A sharp crack rounded around the cell, making him get up in a galvanic twitch.

That crack had been something that had punched through the reinforced brick wall like a bullet into the inmate's cell. And that something was the glowing red object - red ring, hovering in the air in front of him.

You have great rage in your heart.

And just like that, it was on his finger.

His chest burned. The inmate fell off the bed, in a crumpled heap as his body was racked in pain as his chest burned from the inside out.

Then his rage grew, amplified, swelled like a tsunami crashing down.

He was going to ... he would...

The inmate clutched the edge of his bed, and hauled himself up.
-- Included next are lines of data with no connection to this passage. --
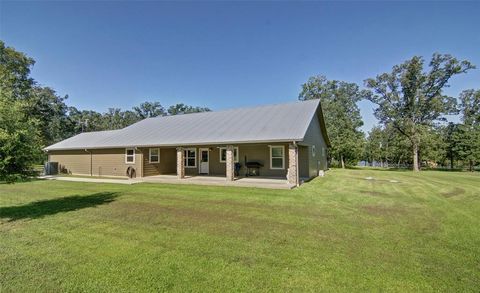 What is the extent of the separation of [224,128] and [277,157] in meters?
4.03

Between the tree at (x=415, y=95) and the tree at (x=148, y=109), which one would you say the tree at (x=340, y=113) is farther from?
the tree at (x=148, y=109)

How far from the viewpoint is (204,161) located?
1794 cm

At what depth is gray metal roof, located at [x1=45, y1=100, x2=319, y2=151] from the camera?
1365 cm

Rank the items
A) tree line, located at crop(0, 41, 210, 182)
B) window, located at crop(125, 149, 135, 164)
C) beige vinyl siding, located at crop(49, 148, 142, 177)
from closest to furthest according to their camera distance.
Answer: tree line, located at crop(0, 41, 210, 182)
window, located at crop(125, 149, 135, 164)
beige vinyl siding, located at crop(49, 148, 142, 177)

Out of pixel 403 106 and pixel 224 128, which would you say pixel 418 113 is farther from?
pixel 224 128

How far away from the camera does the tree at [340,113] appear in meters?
33.0

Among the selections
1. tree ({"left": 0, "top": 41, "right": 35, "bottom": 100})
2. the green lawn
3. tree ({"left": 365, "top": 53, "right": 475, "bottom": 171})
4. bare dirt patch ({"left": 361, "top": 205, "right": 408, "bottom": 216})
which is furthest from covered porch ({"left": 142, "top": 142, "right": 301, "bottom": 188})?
tree ({"left": 365, "top": 53, "right": 475, "bottom": 171})

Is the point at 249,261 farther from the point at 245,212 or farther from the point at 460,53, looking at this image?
the point at 460,53

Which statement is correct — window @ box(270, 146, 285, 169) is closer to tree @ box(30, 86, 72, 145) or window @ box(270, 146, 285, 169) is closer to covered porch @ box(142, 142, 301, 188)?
covered porch @ box(142, 142, 301, 188)

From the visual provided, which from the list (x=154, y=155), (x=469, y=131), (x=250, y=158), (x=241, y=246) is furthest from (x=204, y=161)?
(x=469, y=131)

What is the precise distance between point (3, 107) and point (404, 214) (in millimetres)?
11498

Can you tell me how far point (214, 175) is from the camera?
1698cm

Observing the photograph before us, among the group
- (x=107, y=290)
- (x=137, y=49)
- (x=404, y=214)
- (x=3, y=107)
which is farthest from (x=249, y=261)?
(x=137, y=49)

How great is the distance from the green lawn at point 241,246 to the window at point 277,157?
6.89m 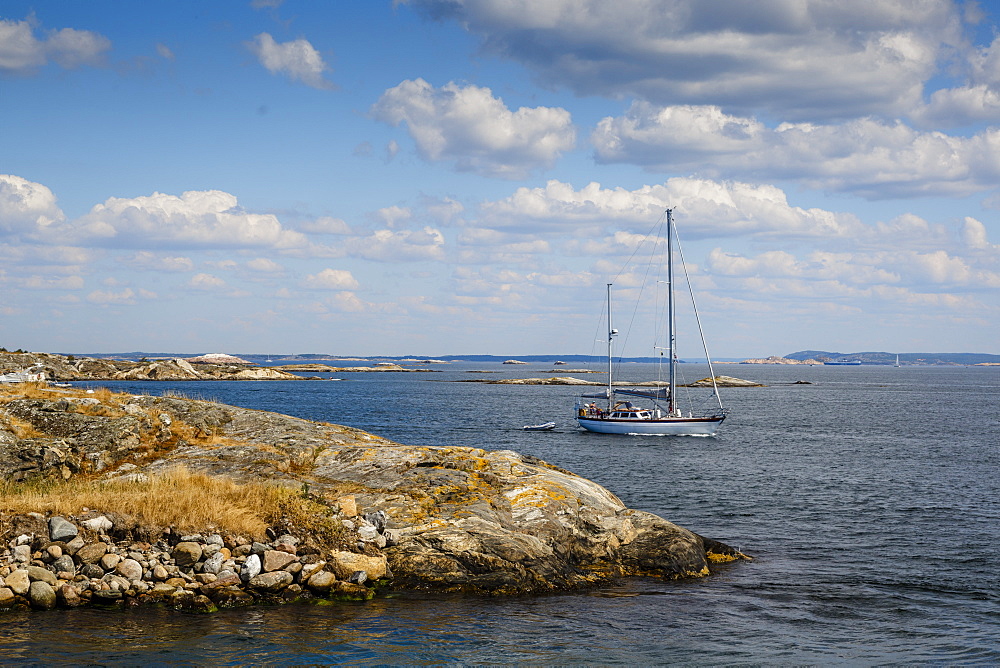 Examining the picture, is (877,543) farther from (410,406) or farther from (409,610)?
(410,406)

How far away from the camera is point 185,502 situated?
17328mm

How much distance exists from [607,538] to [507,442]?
40568mm

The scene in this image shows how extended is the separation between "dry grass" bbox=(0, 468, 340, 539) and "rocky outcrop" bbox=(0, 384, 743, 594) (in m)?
1.06

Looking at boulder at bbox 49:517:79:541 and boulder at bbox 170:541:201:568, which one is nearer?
boulder at bbox 49:517:79:541

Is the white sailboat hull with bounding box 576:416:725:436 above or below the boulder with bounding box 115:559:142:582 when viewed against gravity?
below

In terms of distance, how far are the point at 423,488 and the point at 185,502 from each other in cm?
575

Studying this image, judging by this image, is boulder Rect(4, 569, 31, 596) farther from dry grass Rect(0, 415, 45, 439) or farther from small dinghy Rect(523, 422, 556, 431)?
small dinghy Rect(523, 422, 556, 431)

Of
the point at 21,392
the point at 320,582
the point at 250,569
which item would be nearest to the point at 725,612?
the point at 320,582

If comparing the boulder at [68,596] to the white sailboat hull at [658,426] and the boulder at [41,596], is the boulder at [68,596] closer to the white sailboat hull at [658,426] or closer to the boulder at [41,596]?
the boulder at [41,596]

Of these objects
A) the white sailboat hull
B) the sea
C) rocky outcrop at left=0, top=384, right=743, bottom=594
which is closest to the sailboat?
the white sailboat hull

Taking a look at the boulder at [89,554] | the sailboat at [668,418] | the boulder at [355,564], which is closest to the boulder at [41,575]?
the boulder at [89,554]

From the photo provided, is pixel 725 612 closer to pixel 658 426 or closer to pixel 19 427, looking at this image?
pixel 19 427

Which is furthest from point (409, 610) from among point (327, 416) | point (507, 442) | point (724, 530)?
point (327, 416)

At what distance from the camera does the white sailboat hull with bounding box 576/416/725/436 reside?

The heat, the pain, the rage, growing as he stood, planted his feet on the ground and faced it head on.

This horrible occurrence, this power - take it, hold it, use it.

It never abated. The power was burning through his entire body, never ceasing.

The inmate grasped the power, and welded the new force within.

He could see it now, the energies within. With deep shuddering breaths he took a firm grasp and embraced this new force.

Oh yes.

He knew, instantly, immediately, what this was, this rage, this hate, this power.

He knew what it could do, what it couldn't. It's limitations were few.

The inmate could wield rage like a warrior, like a master.

He knew how to use this power.

He still believed, at the very core of him.

His life had not been wasted. He had been preparing, unconsciously, for this power his entire life.

And now he didn't need people, organisations, the Party. He knew exactly what to do, what to target, and more importantly, who to target, who would stumble, who would run. Because all great things needed people, and he knew how to manage people, singularly and en mass. Now he knew exactly what was necessary; start over, and burn the whole lot to ground if necessary.

The inmate smiled for the first time he'd been imprisoned, his mouth dripping blood.

Malcolm Tucker; Welcome to the Red Lantern Corps.